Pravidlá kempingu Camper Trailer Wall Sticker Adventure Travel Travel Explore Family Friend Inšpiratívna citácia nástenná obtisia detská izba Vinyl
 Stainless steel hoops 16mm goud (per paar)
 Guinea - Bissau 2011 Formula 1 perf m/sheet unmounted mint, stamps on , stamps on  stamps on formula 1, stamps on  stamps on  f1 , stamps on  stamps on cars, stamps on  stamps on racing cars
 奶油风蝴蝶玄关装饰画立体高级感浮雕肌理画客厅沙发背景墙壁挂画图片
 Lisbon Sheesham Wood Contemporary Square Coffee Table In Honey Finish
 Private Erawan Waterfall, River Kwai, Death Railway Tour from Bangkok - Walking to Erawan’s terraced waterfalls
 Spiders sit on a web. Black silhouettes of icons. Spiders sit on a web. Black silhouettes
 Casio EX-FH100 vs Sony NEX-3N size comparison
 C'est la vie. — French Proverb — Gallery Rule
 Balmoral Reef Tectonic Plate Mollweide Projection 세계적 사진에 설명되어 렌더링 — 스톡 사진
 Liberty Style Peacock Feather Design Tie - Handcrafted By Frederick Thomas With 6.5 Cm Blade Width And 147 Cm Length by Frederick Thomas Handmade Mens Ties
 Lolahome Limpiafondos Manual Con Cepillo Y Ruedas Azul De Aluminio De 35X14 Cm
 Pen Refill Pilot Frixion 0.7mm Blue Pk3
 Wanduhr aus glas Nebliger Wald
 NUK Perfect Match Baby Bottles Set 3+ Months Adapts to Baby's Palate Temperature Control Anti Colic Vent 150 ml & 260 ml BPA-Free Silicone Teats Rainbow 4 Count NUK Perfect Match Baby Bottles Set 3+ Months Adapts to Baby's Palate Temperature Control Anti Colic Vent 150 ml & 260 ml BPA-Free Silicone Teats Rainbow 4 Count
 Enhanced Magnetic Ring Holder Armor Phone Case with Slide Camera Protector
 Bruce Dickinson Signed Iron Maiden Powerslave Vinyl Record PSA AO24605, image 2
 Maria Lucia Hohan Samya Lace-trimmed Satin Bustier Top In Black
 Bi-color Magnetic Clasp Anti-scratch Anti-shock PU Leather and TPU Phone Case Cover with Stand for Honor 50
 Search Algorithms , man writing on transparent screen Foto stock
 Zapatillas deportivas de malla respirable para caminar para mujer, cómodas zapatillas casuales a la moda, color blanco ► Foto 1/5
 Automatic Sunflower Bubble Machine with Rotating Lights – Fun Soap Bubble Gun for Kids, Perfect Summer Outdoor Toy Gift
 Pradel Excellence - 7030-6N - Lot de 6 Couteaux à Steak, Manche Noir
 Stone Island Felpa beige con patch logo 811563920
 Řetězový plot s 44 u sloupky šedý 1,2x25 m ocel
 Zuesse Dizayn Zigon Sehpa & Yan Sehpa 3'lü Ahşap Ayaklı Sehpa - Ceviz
++++++++
Copy the entries word for word. Start at the first line and end with the line containing "Wanduhr aus glas Nebliger Wald".

Pravidlá kempingu Camper Trailer Wall Sticker Adventure Travel Travel Explore Family Friend Inšpiratívna citácia nástenná obtisia detská izba Vinyl
 Stainless steel hoops 16mm goud (per paar)
 Guinea - Bissau 2011 Formula 1 perf m/sheet unmounted mint, stamps on , stamps on  stamps on formula 1, stamps on  stamps on  f1 , stamps on  stamps on cars, stamps on  stamps on racing cars
 奶油风蝴蝶玄关装饰画立体高级感浮雕肌理画客厅沙发背景墙壁挂画图片
 Lisbon Sheesham Wood Contemporary Square Coffee Table In Honey Finish
 Private Erawan Waterfall, River Kwai, Death Railway Tour from Bangkok - Walking to Erawan’s terraced waterfalls
 Spiders sit on a web. Black silhouettes of icons. Spiders sit on a web. Black silhouettes
 Casio EX-FH100 vs Sony NEX-3N size comparison
 C'est la vie. — French Proverb — Gallery Rule
 Balmoral Reef Tectonic Plate Mollweide Projection 세계적 사진에 설명되어 렌더링 — 스톡 사진
 Liberty Style Peacock Feather Design Tie - Handcrafted By Frederick Thomas With 6.5 Cm Blade Width And 147 Cm Length by Frederick Thomas Handmade Mens Ties
 Lolahome Limpiafondos Manual Con Cepillo Y Ruedas Azul De Aluminio De 35X14 Cm
 Pen Refill Pilot Frixion 0.7mm Blue Pk3
 Wanduhr aus glas Nebliger Wald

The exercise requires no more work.